**WHAT TO DO**
Exactly those lines running from the one containing "voyeurcam-julmodels-whitebed-2" to the end of the material are to be printed, and no others.

** Opening SUPPLIED DATA block **

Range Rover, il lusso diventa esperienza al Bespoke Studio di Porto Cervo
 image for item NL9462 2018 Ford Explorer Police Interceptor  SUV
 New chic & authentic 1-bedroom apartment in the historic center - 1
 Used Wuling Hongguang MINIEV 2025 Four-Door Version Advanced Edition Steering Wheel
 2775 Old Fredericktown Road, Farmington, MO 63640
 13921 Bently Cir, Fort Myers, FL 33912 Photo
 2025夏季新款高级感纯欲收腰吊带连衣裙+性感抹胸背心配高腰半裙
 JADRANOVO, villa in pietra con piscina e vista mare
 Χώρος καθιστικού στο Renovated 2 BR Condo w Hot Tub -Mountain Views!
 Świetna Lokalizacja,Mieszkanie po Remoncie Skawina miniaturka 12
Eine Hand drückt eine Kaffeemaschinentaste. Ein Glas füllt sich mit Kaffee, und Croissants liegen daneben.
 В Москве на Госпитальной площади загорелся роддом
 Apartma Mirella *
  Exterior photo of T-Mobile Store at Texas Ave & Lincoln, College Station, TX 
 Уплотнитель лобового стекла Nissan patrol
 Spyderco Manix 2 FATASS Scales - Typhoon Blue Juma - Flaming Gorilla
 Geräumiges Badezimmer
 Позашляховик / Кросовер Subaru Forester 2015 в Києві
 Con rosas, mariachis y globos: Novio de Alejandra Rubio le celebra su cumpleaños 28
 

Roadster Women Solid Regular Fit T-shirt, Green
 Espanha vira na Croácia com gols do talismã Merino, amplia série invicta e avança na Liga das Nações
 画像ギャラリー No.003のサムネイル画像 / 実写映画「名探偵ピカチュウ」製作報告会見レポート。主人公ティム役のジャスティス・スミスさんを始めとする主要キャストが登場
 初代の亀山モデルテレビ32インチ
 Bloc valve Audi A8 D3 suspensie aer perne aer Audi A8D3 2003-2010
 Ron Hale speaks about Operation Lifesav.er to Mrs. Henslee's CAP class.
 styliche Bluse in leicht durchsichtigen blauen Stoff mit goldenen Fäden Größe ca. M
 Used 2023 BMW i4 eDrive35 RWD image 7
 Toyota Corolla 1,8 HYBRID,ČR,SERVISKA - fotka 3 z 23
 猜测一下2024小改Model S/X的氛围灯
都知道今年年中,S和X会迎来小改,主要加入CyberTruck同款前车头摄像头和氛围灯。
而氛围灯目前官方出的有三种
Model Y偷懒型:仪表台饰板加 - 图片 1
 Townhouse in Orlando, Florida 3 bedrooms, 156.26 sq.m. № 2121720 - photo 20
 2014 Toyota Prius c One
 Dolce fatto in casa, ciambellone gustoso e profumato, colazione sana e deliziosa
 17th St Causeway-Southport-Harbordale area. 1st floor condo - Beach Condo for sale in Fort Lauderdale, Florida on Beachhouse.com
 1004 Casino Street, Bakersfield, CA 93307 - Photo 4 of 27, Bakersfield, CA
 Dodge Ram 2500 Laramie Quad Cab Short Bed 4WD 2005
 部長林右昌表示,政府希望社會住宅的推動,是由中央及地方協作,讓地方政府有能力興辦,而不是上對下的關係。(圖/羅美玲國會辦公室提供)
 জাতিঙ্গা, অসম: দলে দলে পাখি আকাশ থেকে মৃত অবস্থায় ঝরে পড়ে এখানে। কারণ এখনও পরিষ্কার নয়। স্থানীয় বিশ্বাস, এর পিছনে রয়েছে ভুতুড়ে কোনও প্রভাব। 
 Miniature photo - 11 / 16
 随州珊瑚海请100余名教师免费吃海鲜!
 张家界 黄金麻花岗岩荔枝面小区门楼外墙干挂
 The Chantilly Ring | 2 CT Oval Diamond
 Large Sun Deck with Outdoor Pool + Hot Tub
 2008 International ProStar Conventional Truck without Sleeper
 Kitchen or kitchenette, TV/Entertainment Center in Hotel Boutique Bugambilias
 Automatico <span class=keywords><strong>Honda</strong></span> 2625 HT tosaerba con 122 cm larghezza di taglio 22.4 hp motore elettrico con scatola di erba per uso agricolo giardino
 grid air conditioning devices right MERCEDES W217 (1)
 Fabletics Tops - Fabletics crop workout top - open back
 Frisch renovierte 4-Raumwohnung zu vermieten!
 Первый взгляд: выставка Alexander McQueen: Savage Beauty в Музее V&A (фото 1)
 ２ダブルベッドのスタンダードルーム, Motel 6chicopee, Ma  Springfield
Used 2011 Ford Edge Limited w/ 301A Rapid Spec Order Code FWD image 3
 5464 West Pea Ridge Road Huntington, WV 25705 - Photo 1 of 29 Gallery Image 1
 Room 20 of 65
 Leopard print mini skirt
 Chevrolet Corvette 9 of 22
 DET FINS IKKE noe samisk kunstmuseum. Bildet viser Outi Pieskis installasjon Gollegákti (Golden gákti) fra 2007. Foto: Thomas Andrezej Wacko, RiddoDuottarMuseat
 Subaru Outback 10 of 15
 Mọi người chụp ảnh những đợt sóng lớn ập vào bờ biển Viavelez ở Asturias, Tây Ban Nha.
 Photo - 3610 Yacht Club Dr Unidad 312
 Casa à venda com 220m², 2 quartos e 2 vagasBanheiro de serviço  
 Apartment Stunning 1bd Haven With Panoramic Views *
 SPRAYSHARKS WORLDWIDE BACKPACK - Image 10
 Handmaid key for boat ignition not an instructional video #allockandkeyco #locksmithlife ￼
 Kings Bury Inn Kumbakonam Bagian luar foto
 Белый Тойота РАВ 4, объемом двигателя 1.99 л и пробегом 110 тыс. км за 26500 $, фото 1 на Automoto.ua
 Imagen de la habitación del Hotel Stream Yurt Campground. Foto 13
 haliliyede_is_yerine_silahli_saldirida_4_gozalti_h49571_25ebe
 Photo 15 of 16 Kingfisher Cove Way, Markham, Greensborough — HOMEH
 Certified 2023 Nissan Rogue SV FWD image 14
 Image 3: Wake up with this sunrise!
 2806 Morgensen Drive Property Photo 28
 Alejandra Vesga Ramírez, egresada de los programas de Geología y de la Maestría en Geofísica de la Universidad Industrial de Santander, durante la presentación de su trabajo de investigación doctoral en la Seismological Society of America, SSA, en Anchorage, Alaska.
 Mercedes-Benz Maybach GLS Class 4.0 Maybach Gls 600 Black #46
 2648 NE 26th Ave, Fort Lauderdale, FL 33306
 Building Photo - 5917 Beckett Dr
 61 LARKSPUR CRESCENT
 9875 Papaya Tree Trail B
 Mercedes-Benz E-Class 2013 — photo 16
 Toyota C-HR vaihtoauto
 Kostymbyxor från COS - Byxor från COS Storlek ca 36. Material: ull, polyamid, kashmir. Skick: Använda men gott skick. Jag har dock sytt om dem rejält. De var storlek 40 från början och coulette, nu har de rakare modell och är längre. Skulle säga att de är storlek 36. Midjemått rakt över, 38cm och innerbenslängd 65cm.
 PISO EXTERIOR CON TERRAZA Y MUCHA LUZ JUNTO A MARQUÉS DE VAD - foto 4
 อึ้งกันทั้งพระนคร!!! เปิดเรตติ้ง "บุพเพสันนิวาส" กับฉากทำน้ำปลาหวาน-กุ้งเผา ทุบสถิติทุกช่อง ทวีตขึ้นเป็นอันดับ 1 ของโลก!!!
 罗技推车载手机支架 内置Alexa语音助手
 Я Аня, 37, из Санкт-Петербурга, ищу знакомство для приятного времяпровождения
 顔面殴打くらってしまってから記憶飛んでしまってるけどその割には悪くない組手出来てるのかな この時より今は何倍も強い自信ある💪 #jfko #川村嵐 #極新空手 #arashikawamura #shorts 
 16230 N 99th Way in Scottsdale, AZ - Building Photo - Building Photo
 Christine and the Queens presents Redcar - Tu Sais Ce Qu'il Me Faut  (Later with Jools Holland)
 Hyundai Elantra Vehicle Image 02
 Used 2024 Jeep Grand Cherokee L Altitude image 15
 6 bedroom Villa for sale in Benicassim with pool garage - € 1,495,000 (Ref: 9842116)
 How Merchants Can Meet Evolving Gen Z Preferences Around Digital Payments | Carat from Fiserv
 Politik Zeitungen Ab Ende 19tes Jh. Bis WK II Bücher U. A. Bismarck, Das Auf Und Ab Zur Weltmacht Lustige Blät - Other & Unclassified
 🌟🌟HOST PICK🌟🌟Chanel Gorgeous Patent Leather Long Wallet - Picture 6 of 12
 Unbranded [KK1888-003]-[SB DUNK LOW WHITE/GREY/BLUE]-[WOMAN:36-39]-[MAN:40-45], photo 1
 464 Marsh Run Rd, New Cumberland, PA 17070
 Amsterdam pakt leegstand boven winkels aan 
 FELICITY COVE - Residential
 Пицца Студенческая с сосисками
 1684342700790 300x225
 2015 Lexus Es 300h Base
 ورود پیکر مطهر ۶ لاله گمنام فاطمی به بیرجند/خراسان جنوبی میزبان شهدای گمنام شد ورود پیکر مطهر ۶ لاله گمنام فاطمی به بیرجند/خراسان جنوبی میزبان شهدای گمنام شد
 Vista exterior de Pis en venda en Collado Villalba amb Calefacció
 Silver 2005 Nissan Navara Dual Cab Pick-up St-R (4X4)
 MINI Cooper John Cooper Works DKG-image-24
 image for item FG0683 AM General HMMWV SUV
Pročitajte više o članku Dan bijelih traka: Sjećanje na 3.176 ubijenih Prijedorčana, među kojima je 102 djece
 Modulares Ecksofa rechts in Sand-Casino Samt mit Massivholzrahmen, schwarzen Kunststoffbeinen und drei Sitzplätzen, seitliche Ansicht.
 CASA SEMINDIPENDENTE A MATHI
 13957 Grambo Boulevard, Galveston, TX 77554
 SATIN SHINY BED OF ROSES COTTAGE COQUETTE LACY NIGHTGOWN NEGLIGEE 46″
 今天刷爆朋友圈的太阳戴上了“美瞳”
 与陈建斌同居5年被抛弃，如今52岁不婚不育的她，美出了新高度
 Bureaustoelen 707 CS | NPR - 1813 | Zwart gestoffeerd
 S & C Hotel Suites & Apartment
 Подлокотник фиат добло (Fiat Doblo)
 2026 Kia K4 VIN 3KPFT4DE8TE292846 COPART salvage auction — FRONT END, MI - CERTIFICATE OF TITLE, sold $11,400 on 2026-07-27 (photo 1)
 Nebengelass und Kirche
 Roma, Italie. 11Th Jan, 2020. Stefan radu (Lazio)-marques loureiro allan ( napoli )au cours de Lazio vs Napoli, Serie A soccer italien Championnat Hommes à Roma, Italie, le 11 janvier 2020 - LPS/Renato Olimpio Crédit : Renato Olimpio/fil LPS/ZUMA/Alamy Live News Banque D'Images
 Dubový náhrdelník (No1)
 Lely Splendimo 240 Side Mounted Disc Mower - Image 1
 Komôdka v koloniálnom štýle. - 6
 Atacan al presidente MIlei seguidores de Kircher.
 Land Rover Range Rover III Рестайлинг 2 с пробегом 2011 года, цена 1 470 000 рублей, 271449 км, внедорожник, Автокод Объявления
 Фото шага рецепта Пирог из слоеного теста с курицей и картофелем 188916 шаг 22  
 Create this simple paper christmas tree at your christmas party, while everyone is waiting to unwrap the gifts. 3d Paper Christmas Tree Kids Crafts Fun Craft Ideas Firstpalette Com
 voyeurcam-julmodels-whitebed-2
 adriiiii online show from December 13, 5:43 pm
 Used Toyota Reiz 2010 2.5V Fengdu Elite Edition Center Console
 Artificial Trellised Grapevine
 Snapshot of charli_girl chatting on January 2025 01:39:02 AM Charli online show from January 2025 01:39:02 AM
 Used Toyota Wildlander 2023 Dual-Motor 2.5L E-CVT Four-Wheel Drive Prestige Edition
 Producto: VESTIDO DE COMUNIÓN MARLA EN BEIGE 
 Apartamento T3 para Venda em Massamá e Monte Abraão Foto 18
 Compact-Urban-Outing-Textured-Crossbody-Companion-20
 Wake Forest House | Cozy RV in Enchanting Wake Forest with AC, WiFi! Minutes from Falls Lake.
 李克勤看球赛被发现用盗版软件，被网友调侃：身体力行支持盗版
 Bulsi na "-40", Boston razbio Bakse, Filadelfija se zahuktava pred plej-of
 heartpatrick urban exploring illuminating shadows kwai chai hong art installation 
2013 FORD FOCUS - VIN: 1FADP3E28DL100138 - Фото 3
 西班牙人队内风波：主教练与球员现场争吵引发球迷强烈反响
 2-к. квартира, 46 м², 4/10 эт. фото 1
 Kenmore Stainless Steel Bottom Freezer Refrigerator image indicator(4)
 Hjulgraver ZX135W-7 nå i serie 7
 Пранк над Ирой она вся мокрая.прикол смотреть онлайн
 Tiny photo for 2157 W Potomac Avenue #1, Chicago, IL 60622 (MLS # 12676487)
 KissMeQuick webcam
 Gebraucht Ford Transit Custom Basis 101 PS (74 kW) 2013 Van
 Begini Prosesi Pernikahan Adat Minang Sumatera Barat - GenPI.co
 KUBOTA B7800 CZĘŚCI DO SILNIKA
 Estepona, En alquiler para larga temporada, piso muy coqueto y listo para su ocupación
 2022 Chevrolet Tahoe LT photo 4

** Closing SUPPLIED DATA block **

**RESULT OF THE TASK**
 voyeurcam-julmodels-whitebed-2
 adriiiii online show from December 13, 5:43 pm
 Used Toyota Reiz 2010 2.5V Fengdu Elite Edition Center Console
 Artificial Trellised Grapevine
 Snapshot of charli_girl chatting on January 2025 01:39:02 AM Charli online show from January 2025 01:39:02 AM
 Used Toyota Wildlander 2023 Dual-Motor 2.5L E-CVT Four-Wheel Drive Prestige Edition
 Producto: VESTIDO DE COMUNIÓN MARLA EN BEIGE 
 Apartamento T3 para Venda em Massamá e Monte Abraão Foto 18
 Compact-Urban-Outing-Textured-Crossbody-Companion-20
 Wake Forest House | Cozy RV in Enchanting Wake Forest with AC, WiFi! Minutes from Falls Lake.
 李克勤看球赛被发现用盗版软件，被网友调侃：身体力行支持盗版
 Bulsi na "-40", Boston razbio Bakse, Filadelfija se zahuktava pred plej-of
 heartpatrick urban exploring illuminating shadows kwai chai hong art installation 
2013 FORD FOCUS - VIN: 1FADP3E28DL100138 - Фото 3
 西班牙人队内风波：主教练与球员现场争吵引发球迷强烈反响
 2-к. квартира, 46 м², 4/10 эт. фото 1
 Kenmore Stainless Steel Bottom Freezer Refrigerator image indicator(4)
 Hjulgraver ZX135W-7 nå i serie 7
 Пранк над Ирой она вся мокрая.прикол смотреть онлайн
 Tiny photo for 2157 W Potomac Avenue #1, Chicago, IL 60622 (MLS # 12676487)
 KissMeQuick webcam
 Gebraucht Ford Transit Custom Basis 101 PS (74 kW) 2013 Van
 Begini Prosesi Pernikahan Adat Minang Sumatera Barat - GenPI.co
 KUBOTA B7800 CZĘŚCI DO SILNIKA
 Estepona, En alquiler para larga temporada, piso muy coqueto y listo para su ocupación
 2022 Chevrolet Tahoe LT photo 4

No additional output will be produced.